Work task:
What is needed is an exact reproduction of the lines in the records below, starting at the line with "50g/торба Стъклени мозаечни" and ending at the line with "Sign up with your email or GitHub account", both included, and nothing else; pictures stay out.

Data extracts:
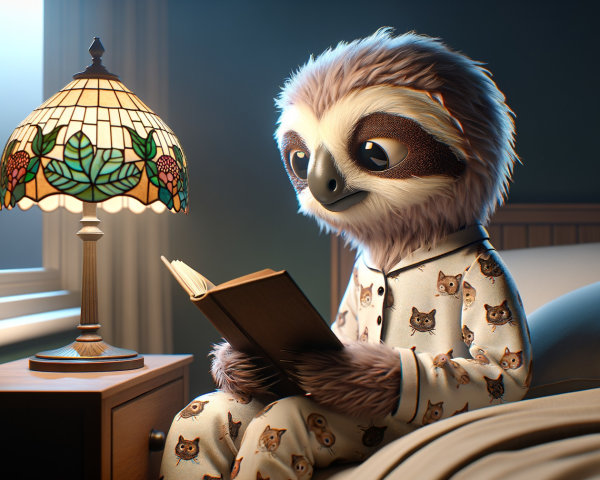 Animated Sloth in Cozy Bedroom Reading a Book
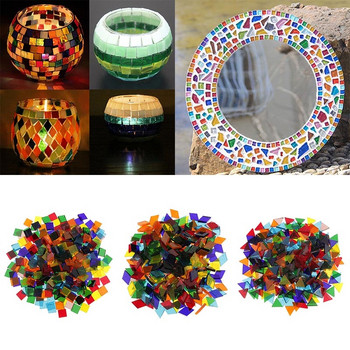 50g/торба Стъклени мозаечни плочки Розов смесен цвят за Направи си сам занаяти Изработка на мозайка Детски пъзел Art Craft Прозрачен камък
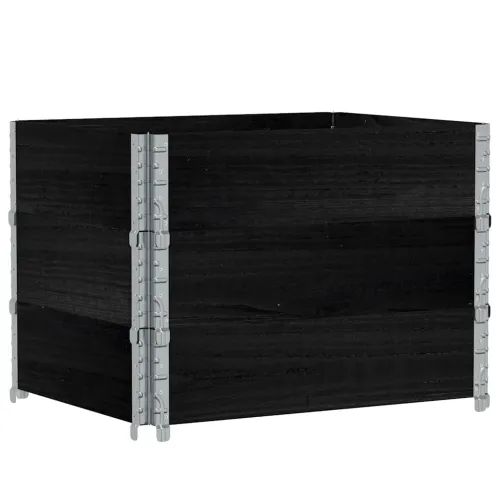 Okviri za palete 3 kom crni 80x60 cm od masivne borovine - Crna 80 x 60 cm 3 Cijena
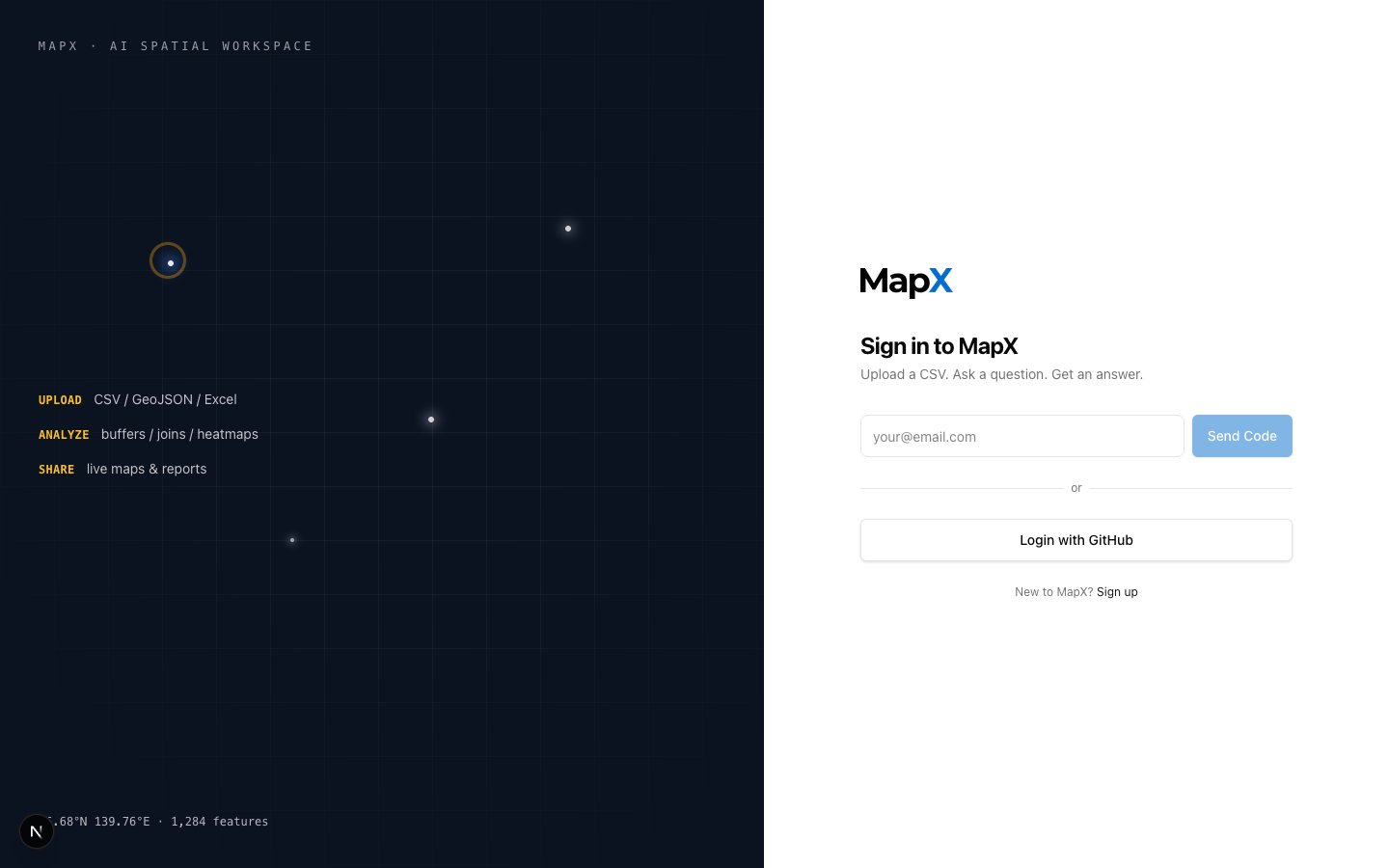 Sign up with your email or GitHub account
---
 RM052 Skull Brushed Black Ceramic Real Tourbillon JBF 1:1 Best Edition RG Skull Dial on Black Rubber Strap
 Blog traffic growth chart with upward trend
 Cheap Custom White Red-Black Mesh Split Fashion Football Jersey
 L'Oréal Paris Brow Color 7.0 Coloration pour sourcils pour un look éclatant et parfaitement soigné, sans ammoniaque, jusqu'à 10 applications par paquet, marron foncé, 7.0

Exercise response:
 50g/торба Стъклени мозаечни плочки Розов смесен цвят за Направи си сам занаяти Изработка на мозайка Детски пъзел Art Craft Прозрачен камък
 Okviri za palete 3 kom crni 80x60 cm od masivne borovine - Crna 80 x 60 cm 3 Cijena
 Sign up with your email or GitHub account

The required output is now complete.